Marriage– one thing that has fallen to the wayside is my relationship with my husband. Days with the boys are so crazy and busy that I often forget to ask him how his day was. I love my husband more than anything, but time alone these days is very hard to come by. The majority of the time I am putting my kids ahead of him. Time with your spouse is so important. I can’t remember the last time we went on a solo date. Not having sitters close by makes things more difficult. But that’s when you just have to get creative and make some fun at-home date nights when the kids go to bed. His needs and feelings are just as valuable as my sons. I am a wife.
Friendships– life gets busy and it’s natural to lose connections with people. However, I believe that friendship and fellowship are so important. It’s great to get out and have some adult conversation. I have been wanting to make more of an effort to spend time with friends. Again, we don’t live super close to friends and family anymore, but it’s still possible to see some of them every once and a while. So, call or text a friend you haven’t seen lately and bring the kids if you have to! I am a friend.
Me time– not sure I even know what that is anymore. I always feel that if I take time for myself, even if it’s an extra 5 minutes in the shower, that I’m being selfish. I am a mom now and all of my time belongs to my children. This is the life I signed up for. But why do we feel that way? Why do we put that kind of burden on ourselves? Being a mom isn’t a death sentence to who you are–it’s about finding that right balance. If all you have time for that day is 5 minutes to drink that hot cup of coffee, drink it! If you have to decide between taking a hot bath or doing the dishes, take the bath! You want to go out for a girls night? Do it!

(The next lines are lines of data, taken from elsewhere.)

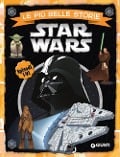 Cover-Bild zum Titel 'Star Wars. Le più belle storie. Episodi I-VI' von ''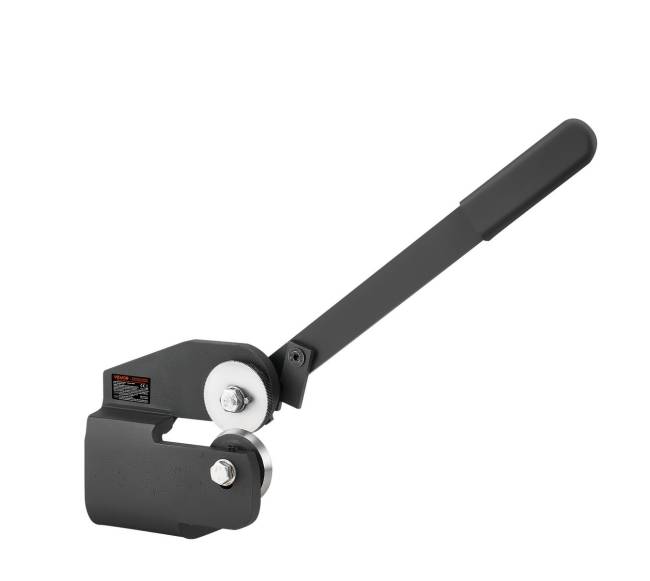 Lakšto metalo skardos žirklės, 16 išmatavimas10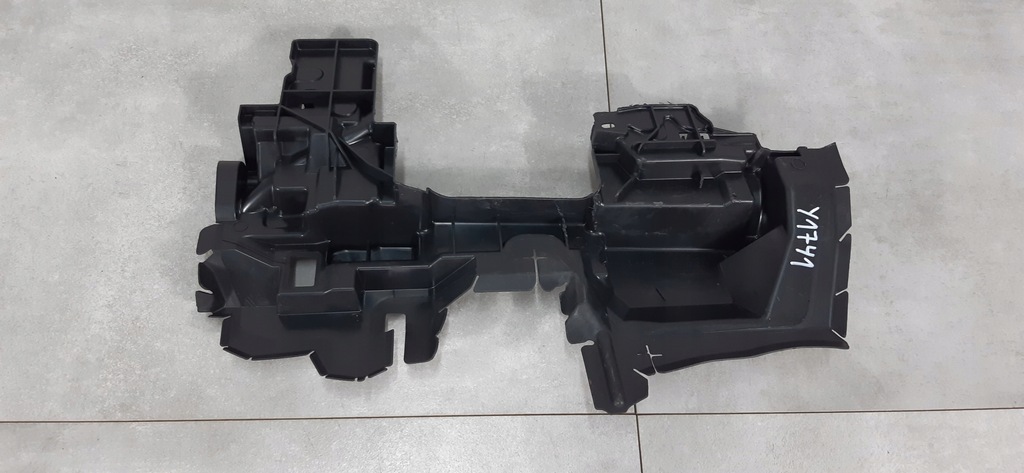 фото №1, Opel corsa f впуск воздуха 39180846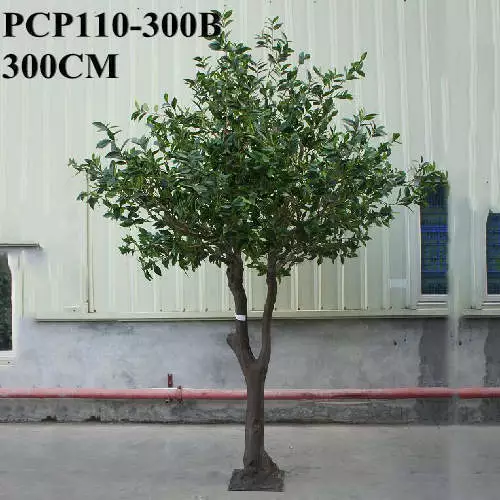 Artificial Laurel Tree, 300 CM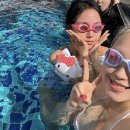 러브헤나 | 태국방콕11월여행 티츄카 왓아룬 현지꿀팁 날씨후기 ✈️☀️
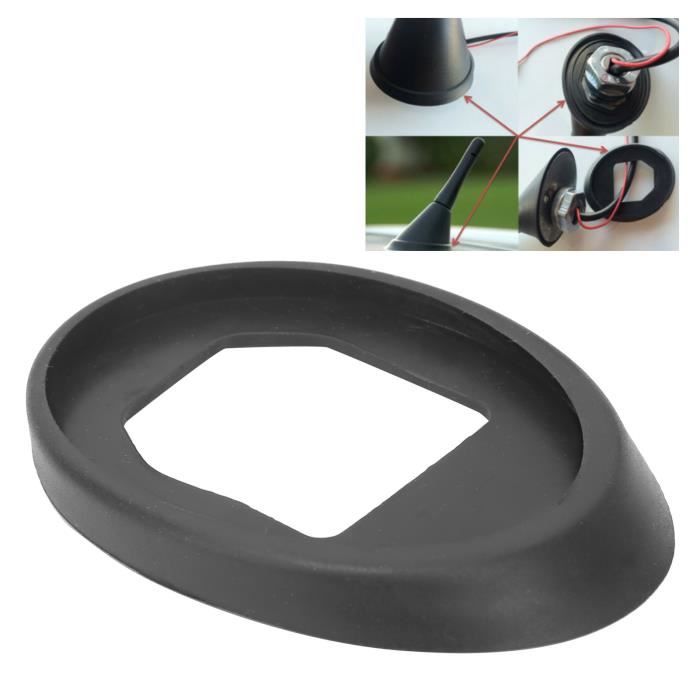 Caoutchouc De Fixation Jeu D'aile Avant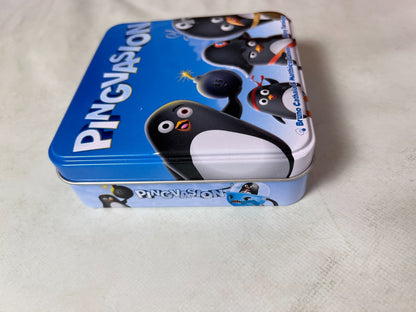 Pingvasion von AsmODee Blechbox - Vollständig - Ansicht 6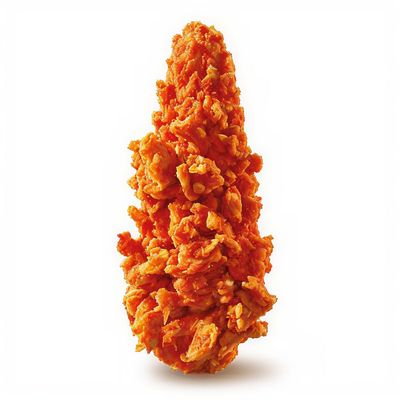 Paprika Parmesan Tenders (Adet)
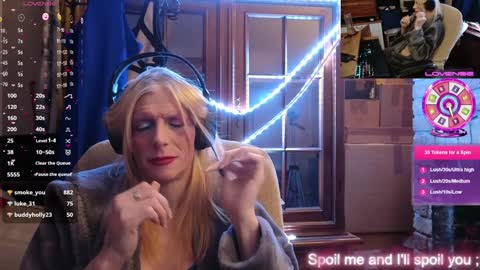 nicktuuk online show from 12.24.24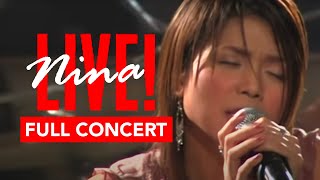 Nina Live Full Concert [upl. by Yramanna]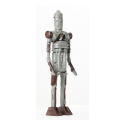 Star Wars: The Mandalorian - Jumbo Vintage Kenner 1/6 IG-12 w/ Anzellans Figurines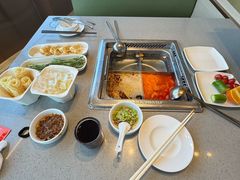 -海底捞火锅(王府井银泰in88店)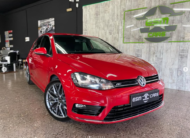 VOLKSWAGEN Golf SPORT 1.4 TSI ACT TECH BMT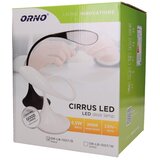  CIRRUS 4.5W BLACK | shoptok.hr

Your kids will be fine and they won’t think you love them any less. I used to feel that my kids deserved all of me. I’m now realizing that’s not true. They actually deserve the best version of me. You need to take care of yourself so that you can take care of others. Like the popular quote states, “You can’t pour from an empty cup”. You need to care for yourself because both you and your kids deserve it. I am me.
It’s easy to lose yourself once you become a mother, but we need to remember that the person we were before we had children is still there. We need to be gracious and take time for ourselves. We need to fill our cup so we can pour into others. I am a mother, I am a wife, I am a friend, I am me.